Prior to enacting legislation in the early 2000’s, South African manufacturers of food could be held civilly liable under principles similar to those common in US tort law. Specifically, claimants alleging injury caused by unfit food could demonstrate that an entity was negligent in its manufacture of the product. The Muzik v. Cansone Del Mare case is a well-known example of a food-poisoning litigation where the court found in favor of a victim claiming a restaurant’s negligent preparation and service of seafood caused his serious injuries. The restaurant, Cansone Del Mare, served Muzik contaminated mussels which made him severely ill and led to his hospitalization. He subsequently sued the restaurant, and was awarded damages including his medical bills, lost wages, and loss of enjoyment of life because his fear of being poisoned again prevented him from enjoying a previously-loved food.

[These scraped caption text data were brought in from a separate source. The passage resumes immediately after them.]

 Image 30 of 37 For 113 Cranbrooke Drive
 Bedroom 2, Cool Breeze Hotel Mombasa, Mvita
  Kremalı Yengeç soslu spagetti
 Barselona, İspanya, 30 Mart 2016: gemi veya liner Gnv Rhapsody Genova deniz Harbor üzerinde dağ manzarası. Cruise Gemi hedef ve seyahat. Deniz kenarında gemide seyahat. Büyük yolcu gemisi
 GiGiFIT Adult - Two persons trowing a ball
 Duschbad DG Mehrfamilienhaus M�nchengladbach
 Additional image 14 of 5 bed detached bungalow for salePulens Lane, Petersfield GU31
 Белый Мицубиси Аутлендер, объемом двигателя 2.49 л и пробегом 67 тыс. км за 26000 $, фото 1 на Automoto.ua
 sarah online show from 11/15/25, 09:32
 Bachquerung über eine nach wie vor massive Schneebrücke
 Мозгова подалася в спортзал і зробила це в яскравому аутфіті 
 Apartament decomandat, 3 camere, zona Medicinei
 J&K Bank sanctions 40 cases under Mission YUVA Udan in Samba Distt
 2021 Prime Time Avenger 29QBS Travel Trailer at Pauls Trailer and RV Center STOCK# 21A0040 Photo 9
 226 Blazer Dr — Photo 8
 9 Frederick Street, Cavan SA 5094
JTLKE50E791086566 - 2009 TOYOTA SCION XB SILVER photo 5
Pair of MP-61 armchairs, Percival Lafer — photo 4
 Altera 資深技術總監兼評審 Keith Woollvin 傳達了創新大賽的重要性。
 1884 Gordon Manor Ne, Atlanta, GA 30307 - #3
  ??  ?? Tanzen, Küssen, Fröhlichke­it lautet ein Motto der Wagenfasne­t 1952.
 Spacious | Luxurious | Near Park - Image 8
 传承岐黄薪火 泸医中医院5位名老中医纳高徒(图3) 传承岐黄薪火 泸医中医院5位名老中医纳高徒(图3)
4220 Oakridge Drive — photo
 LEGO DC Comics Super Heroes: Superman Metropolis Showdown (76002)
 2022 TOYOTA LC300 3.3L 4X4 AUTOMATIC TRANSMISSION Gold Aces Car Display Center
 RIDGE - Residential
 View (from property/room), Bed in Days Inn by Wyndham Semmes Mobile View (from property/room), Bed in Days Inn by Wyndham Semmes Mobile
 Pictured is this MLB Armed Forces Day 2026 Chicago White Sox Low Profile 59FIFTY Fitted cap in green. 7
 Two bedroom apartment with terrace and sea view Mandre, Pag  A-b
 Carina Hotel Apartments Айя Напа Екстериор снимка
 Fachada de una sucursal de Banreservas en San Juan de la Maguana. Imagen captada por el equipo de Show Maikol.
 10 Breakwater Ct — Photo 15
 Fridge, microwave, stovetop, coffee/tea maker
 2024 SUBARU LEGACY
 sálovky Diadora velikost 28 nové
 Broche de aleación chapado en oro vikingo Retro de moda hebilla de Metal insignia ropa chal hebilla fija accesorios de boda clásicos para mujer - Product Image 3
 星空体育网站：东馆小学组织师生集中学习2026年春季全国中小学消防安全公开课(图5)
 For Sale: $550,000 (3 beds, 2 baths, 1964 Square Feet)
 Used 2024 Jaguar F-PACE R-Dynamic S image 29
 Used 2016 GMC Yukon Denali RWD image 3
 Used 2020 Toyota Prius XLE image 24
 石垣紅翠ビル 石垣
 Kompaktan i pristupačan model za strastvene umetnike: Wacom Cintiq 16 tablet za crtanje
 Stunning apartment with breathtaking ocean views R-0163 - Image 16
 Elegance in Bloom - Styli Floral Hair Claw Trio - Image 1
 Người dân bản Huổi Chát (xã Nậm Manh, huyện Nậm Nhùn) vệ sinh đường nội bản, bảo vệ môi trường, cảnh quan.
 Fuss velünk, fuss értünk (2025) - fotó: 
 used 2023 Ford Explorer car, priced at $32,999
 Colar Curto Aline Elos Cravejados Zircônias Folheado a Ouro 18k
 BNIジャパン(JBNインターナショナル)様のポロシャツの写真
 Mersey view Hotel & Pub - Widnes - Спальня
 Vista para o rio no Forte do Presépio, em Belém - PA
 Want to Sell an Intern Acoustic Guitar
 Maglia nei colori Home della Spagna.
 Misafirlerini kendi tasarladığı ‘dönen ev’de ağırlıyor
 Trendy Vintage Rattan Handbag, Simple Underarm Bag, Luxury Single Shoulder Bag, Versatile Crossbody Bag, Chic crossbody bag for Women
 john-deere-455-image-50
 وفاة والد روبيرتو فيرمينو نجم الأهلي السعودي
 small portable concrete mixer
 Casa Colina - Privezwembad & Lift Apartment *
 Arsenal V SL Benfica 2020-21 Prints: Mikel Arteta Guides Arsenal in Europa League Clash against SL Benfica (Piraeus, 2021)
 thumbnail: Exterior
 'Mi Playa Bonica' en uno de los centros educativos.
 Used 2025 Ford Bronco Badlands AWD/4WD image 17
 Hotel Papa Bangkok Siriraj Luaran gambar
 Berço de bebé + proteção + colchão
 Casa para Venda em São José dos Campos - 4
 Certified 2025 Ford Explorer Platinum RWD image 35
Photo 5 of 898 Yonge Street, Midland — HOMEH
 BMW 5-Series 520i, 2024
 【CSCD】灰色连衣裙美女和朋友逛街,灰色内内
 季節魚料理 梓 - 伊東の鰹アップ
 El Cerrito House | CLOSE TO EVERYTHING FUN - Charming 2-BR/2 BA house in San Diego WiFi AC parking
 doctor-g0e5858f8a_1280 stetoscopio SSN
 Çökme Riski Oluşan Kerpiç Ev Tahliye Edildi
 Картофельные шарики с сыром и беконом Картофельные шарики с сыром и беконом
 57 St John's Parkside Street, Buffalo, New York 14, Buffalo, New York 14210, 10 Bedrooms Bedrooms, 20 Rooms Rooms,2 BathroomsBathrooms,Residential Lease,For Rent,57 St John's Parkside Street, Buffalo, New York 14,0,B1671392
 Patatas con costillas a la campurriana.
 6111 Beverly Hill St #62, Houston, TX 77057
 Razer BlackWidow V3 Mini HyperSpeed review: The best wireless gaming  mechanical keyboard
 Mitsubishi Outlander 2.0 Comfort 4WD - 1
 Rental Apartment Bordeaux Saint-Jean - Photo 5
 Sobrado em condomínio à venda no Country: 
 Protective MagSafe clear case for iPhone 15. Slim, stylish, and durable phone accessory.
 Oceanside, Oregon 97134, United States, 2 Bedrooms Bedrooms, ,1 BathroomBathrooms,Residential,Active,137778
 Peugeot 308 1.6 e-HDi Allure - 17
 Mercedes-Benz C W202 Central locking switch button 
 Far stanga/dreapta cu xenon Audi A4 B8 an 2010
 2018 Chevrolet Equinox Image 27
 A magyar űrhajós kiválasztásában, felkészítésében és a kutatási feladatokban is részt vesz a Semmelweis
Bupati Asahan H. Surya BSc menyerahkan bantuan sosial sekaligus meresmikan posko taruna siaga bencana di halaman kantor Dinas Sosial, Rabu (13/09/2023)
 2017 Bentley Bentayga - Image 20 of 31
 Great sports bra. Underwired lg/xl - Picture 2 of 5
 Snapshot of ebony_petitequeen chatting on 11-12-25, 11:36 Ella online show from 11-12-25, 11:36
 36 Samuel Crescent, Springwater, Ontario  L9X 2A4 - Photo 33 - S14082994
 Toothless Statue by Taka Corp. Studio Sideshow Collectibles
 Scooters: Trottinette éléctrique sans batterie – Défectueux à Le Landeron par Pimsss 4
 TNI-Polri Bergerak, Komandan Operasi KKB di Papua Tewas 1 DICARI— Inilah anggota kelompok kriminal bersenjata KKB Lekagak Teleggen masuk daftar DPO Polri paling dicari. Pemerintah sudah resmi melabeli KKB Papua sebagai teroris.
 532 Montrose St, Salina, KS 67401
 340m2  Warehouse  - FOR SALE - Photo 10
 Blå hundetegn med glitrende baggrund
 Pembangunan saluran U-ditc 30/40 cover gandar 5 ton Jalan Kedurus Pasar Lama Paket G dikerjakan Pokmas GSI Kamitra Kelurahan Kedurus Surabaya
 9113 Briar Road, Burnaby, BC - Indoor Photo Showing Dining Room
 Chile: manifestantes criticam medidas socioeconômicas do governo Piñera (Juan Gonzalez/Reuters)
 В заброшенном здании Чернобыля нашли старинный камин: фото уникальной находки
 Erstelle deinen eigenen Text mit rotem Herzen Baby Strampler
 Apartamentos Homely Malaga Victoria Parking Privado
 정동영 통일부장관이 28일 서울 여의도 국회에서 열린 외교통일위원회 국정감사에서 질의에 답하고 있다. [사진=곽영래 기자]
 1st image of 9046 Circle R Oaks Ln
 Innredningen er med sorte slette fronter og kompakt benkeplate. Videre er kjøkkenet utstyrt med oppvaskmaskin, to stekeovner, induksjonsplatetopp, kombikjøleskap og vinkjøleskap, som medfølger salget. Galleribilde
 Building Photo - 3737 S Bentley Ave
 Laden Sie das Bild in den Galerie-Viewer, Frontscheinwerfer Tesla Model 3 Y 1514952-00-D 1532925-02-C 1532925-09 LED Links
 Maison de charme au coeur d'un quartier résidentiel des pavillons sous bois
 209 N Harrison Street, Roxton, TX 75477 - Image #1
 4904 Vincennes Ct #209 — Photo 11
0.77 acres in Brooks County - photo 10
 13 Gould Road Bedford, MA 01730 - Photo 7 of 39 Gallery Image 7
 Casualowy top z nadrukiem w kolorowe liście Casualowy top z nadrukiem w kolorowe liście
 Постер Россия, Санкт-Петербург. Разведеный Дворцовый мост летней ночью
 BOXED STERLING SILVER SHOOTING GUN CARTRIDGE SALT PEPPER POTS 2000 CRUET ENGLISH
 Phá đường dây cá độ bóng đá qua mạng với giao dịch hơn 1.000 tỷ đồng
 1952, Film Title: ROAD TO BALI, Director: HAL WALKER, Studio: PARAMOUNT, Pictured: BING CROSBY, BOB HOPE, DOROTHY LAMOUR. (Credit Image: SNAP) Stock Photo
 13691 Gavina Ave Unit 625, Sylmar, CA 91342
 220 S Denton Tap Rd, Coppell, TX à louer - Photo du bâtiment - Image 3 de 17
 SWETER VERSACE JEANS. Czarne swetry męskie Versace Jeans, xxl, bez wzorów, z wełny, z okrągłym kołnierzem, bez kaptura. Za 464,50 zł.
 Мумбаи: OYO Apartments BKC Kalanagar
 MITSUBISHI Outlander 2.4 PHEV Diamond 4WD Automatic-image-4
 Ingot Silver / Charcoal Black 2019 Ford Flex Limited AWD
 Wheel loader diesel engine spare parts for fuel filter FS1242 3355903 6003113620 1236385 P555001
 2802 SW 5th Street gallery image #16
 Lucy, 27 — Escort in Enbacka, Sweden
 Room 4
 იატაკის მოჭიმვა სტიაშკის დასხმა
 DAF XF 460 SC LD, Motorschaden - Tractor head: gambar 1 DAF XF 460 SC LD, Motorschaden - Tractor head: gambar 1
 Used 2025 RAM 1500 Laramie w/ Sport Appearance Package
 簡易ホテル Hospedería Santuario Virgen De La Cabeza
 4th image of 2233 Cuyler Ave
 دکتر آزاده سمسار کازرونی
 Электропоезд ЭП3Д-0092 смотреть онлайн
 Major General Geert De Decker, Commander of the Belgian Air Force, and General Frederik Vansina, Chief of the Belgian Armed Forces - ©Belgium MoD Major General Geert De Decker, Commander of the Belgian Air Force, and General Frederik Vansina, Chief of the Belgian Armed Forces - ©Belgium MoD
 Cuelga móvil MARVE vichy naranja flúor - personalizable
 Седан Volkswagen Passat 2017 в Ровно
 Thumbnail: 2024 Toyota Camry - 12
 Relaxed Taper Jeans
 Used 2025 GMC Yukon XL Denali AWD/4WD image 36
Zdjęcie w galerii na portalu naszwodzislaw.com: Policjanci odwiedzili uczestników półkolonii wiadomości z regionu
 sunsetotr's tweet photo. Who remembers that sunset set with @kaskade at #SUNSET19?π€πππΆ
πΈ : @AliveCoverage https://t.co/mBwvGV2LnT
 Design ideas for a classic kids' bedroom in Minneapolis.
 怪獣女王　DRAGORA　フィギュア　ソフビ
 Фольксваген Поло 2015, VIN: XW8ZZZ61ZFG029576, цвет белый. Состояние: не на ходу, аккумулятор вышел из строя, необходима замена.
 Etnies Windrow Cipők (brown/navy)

A few years after Muzik, South Africa provided foodborne illness claimants a powerful avenue of recovery when it enacted the Consumer Protection Act No. 68 of 2006 (CPA). Section 61 of the CPA establishes broad strict liability principles, specifically holding everyone in the supply chain of a product—manufacturers, importers, distributors, and retailers—liable for any harm their product causes, irrespective of whether or not they behaved negligently. The elements of strict products liability in South Africa is near-identical to the burden in the US: a claimant need only prove that their injury or illness was caused by (1) the supply of an unsafe product, (2) a product failure, defect, or hazard in the product, or (3) inadequate instructions or warnings. 61(1)(a)—(c).
If a claimant prevails in demonstrating her burden, the responsible parties are held jointly and severally liable for, “the death of, or injury to, any natural person; an illness of any natural person…and any economic loss that results from,” that death, injury, or illness. 61(5)(a)—(d). While initially appearing to be broad-sweeping legislation, Section 61 may also limit the liability of so-called “passive retailers”—entities who merely obtain pre-prepared food to sell to consumers. The relevant language bars liability if, “it is unreasonable to expect the distributor or retailer to have discovered that the unsafe product characteristic, failure, defect or hazard, having regard to that person’s role in marketing the goods to consumers.” 61(4)(c).
Finally, despite its many similarities to US product liability laws, South Africa also holds entities criminally liable for making contaminated or unfit food available to the public. The Food, Cosmetics and Disinfectants Act 54 of 1972 makes it a criminal offense for any person to, “sell, manufacture or import for sale, any foodstuff which is contaminated, impure or decayed, or is, in terms of any regulation deemed to be harmful or injurious to human health.” (2)(1)(b)(i). If the criminal offense is committed by an employee of a food service establishment, such liability attaches to the employer unless he can demonstrate that he took all reasonable measures to prevent the act or omission that led to the offense. (8)(1).
 Section 53 of the CPA defines a “defect” as, “(i) any material imperfection in the manufacture of the goods or components, or in performance of the services, that renders the goods or results of the service less acceptable than persons generally would be reasonably entitled to expect in the circumstances; or (ii) any characteristic of the goods or components that renders the goods or components less useful, practicable or safe than persons generally would be reasonably entitled to expect in the circumstances.”
 Simply forbidding the particular act or omission is insufficient to avoid liability. (8)(2).